C Television (C TV)
- The C Television logo at time of closure
- Country: Trinidad and Tobago
- Broadcast area: National
- Network: Caribbean New Media Group
- Affiliates: 91.1 Talk City, Sweet 100.1, Next FM 99.1.
- Headquarters: 11 A Maraval Road, Port of Spain, Trinidad and Tobago

Programming
- Language: English
- Picture format: 480i (SDTV)

Ownership
- Owner: The Caribbean New Media Group Limited (CNMG)
- Key people: Ingrid Issac

History
- Replaced: TTT
- Former names: Trinidad & Tobago Television (ttt)

Links
- Website: http://www.ctntworld.com/

Availability

Terrestrial
- 9 and 13

Streaming media
- BitGravity: http://ctvtt.com/stream.htm

= C TV =

Television station in Trinidad and Tobago

C Television (C TV) was the flagship television station of the Caribbean New Media Group, a state-owned media company in Trinidad and Tobago that was formed in 2005 as the successor company to Trinidad and Tobago Television (TTT). Until August 2018, C TV operated from studios at 11 A Maraval Road, Port of Spain, Trinidad and Tobago. The station boasted that its facilities were the most technologically advanced of its kind in the Caribbean region at the time of launch. The station was replaced by a rebranded TTT in August 2018.

==History==
The Caribbean New Media Group was formed in 2005 after the financial demise of its predecessor, the National Broadcasting Network (NBN), the parent company of the flagship television station, Trinidad & Tobago Television (TTT). The studios, located on Maraval Road, Port of Spain, were refurbished where the station commenced operations on June 5, 2006. During the initial test period, programming consisted of a four-hour block from 6.00 to 10.00p.m.
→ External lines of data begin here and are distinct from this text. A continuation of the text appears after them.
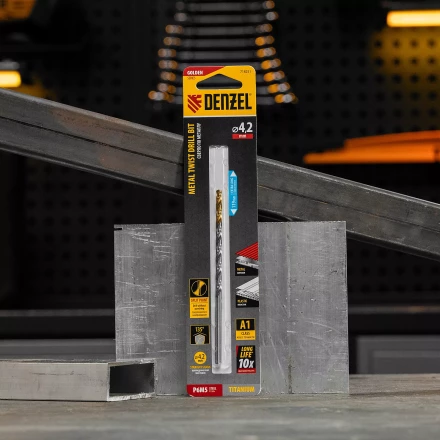 Сверло спиральное по металлу 4,2 х 119 мм, Р6М5, Golden Tip, удлиненное Denzel 718251 купить в Тобольске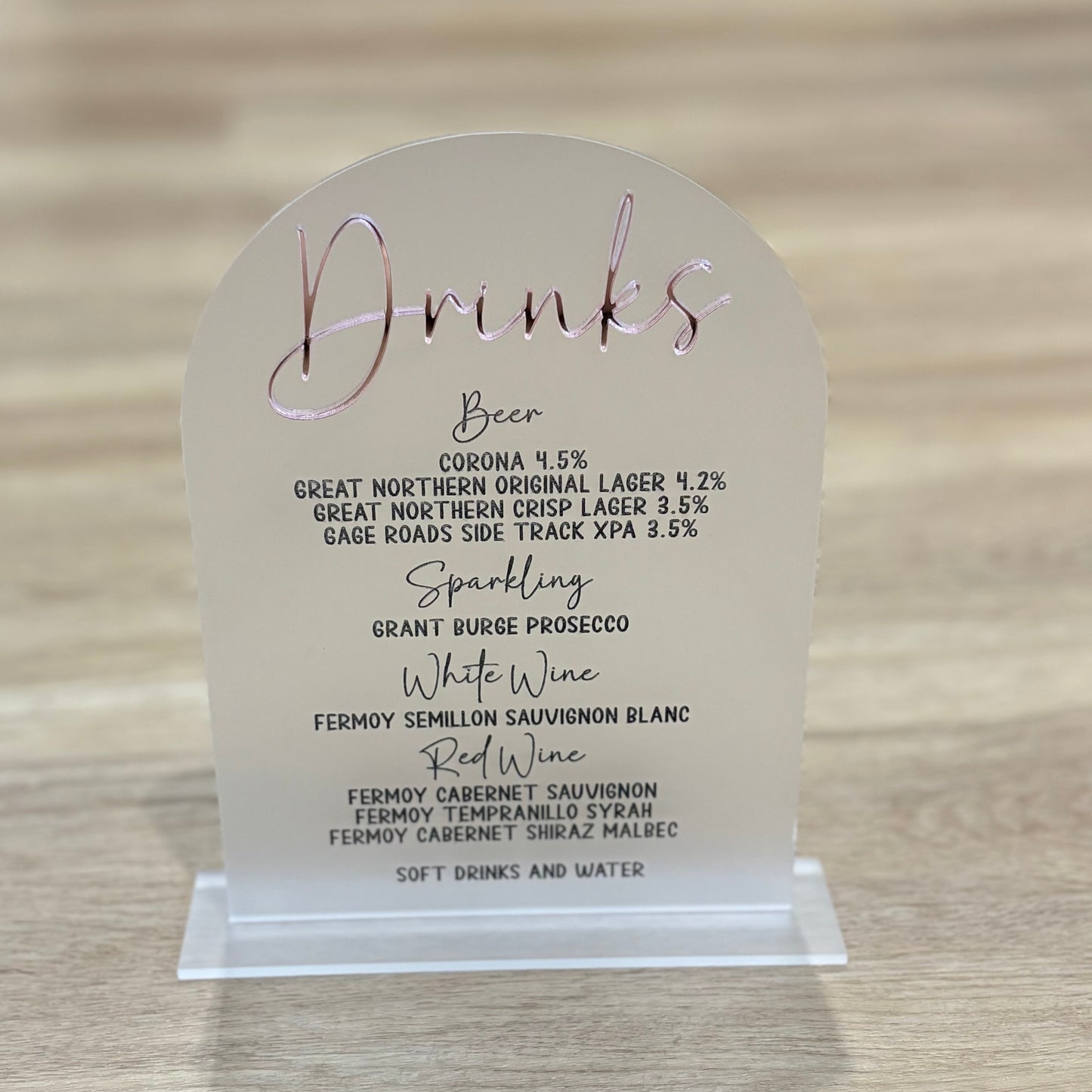 Acrylic Drinks Sign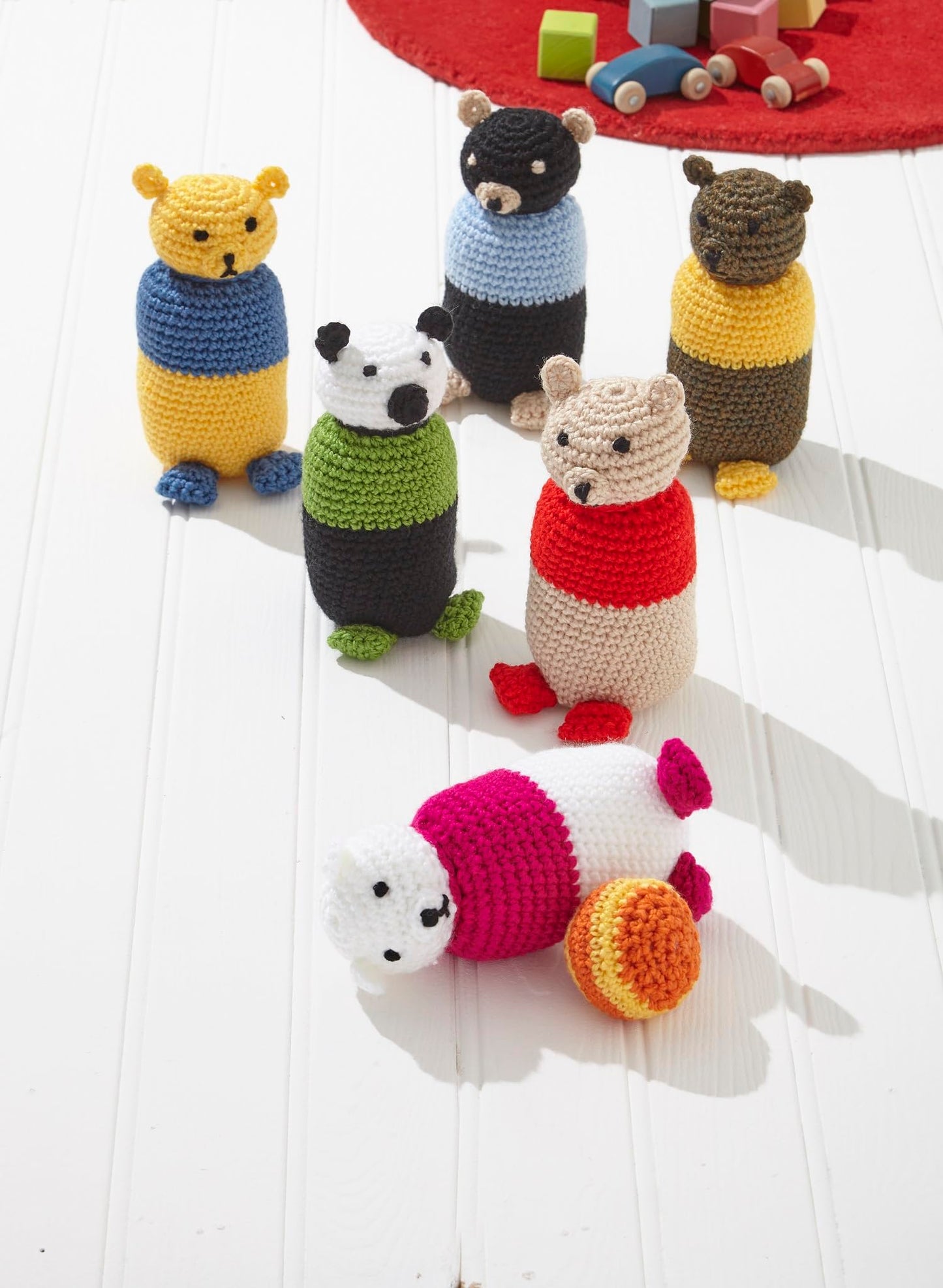 King Cole Chunky Crochet Pattern Christmas Bear & Penguin Indoor Skittles (9117)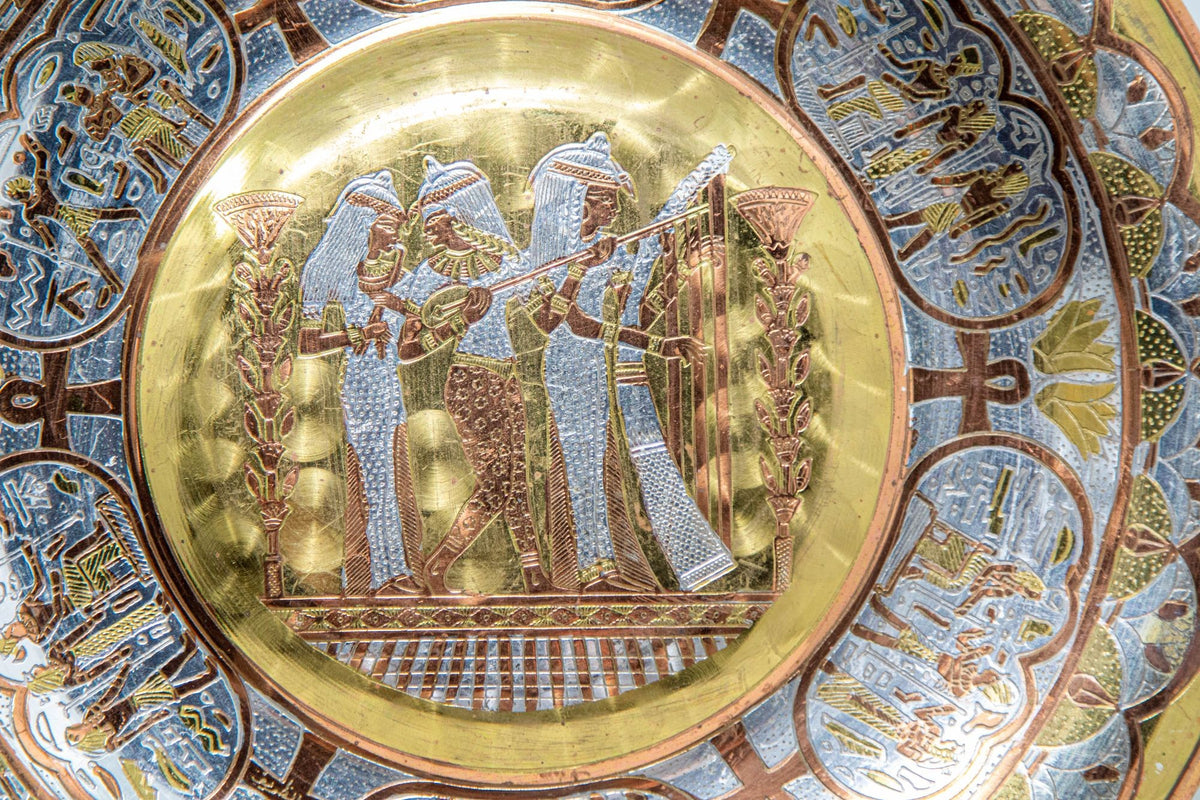 Egyptian Round Brass Tray with Silver and Copper Overlay Wall Hanging 1970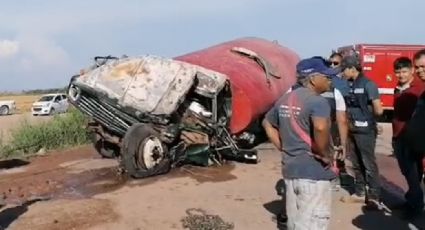 Dos personas quedan prensadas en fuerte choque de camión cisterna en el Valle del Yaqui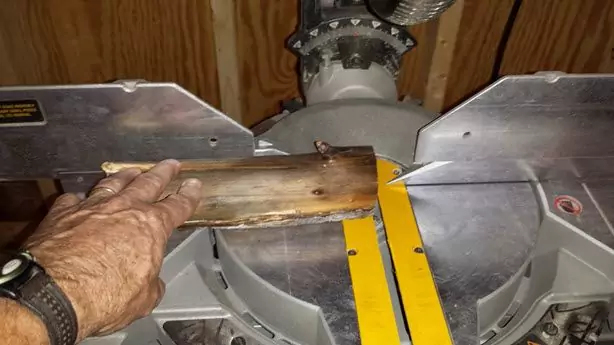 Cutting with Chop Saw (opted to use a safer method with bandsaw)
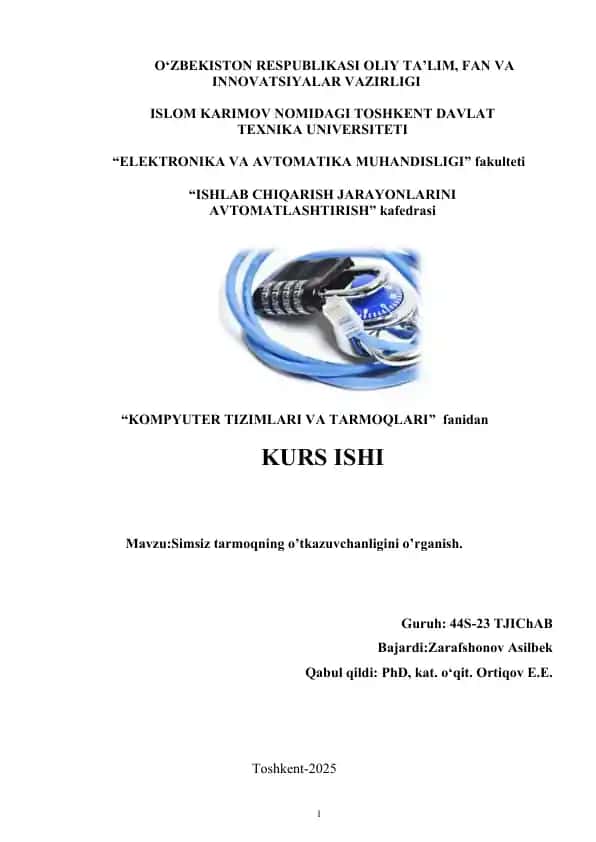 Simsiz tarmoqning o’tkazuvchanligini o’rganish
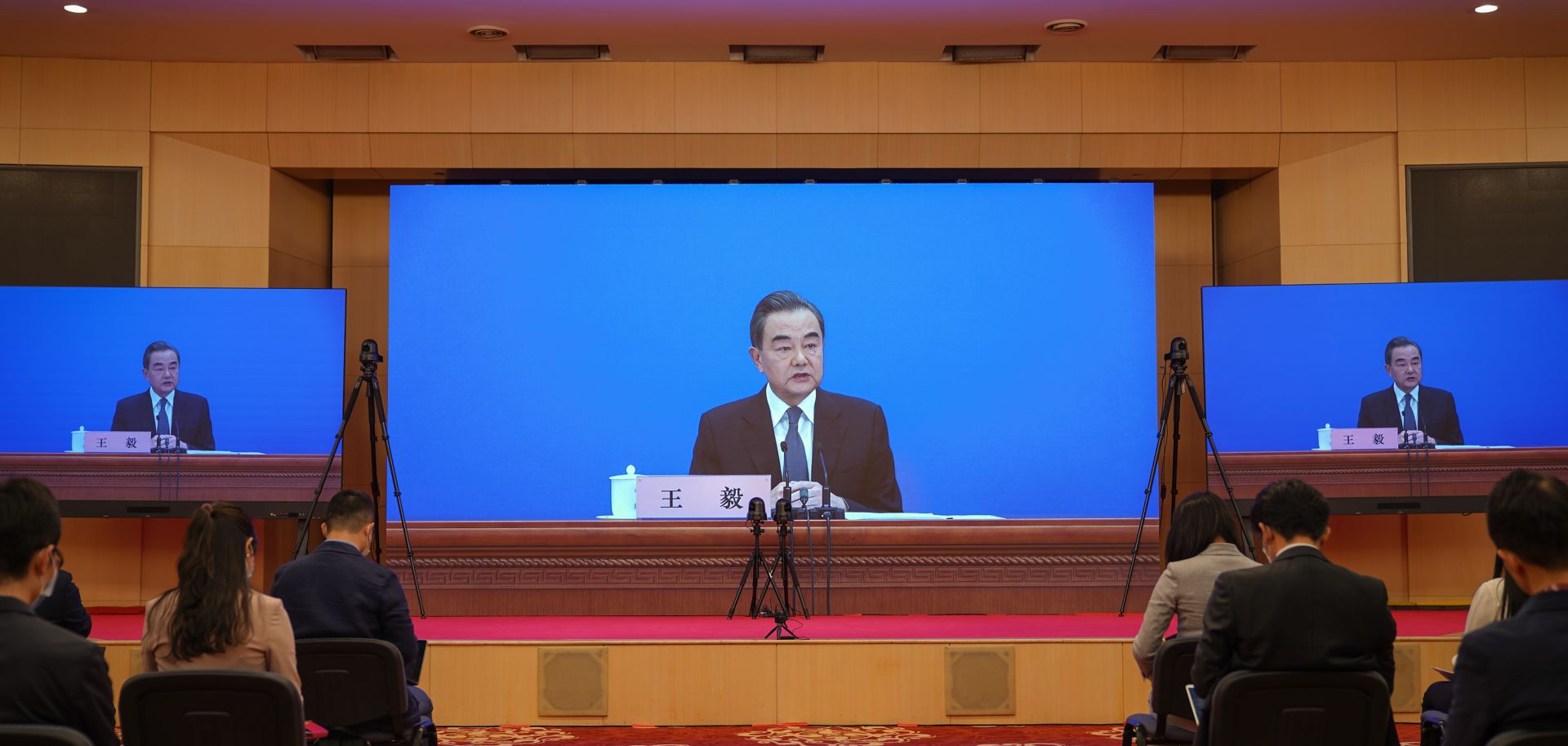 Chinese Foreign Minister Wang Yi answers questions during a video press conference on May 24, 2020, in Beijing, China.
The formal launch of the Caribbean New Media Group occurred in mid-2007 and the station was re-branded from CNMG Television to C. In 2011, the station was then rebranded to CTV.

In August 2017, Minister Maxie Cuffie announced that CNMG would be wound up and replaced by TTT Limited. The rebranded TTT station was launched on August 30, 2018.

==Programming==
C TV's programming line-up included local and foreign content. The station gained popularity with its broadcast of the Miss World Pageant annually, Digicel Rising Stars programme and the coverage of the 2007 ICC Cricket World Cup. C TV's foreign line-up included popular US television series such as Pretty Little Liars, Hawaii Five-0, Hellcats, The Cleveland Show, The Doctors, The Simpsons, Grimm (TV series), Blue Bloods (TV series), Law & Order: Special Victims Unit, House (TV series), Motive (TV series), NCIS, NCIS: Los Angeles and Vampire Diaries among others.

==News and current affairs==
CTV would broadcast four and a half hours of news programming on weekdays and thirty minutes of news programming on weekends. The station's breakfast programme First Up, was one of the highest rated programmes in the country. "First Up" was simulcast on its sister radio station Talk City 91.1. CTV also carried an hour-long newscast at 7.00pm and news updates carried at 6pm, 9pm and 10pm. There was also a thirty-minute newscast at noon. All newscasts were available on demand on the station's website.

==Controversy==
On November 8, 2010, outspoken First Up presenter Fazeer Mohammed was replaced by GISL Chief Executive Officer Andy Johnson. The incident led many commentators to speculate that it was politically motivated, stemming from an interview between Mohammed and Minister of Foreign Affairs, Suruj Rambajhan. The Media Association of Trinidad and Tobago condemned the action. The incident also caused a massive public outcry on the station's social networking sites.

==Coverage==
CTV broadcast on VHF channels 9 and 13 on the island of Trinidad and channel UHF 20 on the island of Tobago. The station was also transmitted on all of the country's major cable systems on the following channels:

- Flow (National): Ch. 6 (Digital) Ch. 106 (Advanced Video Service)
- Massy Communications (National): Ch. 105
- Digicel Play: Ch. 7
- Trico (Tobago): Ch. 2
- RVR International (Rio Claro): Ch. 9
- Mayaro Cable: Ch. 9
- Diamond Vale Cable: Ch. 13

CTV was also available on national platforms Blink (IPTV) and Green Dot (Satellite).

==Anchors and presenters==
- Samantha John - C News At 7
- James Saunders - C News At 7 (sports)
- Ean Wallace - C News At 7 (weather)
- StacyAnn Providence - C News At Noon
- Paul Richards - Good Morning T&T
- Jessie May Ventour - Good Morning T&T

==Radio==
C TV was available to listen live on Talk City 91.1 FM.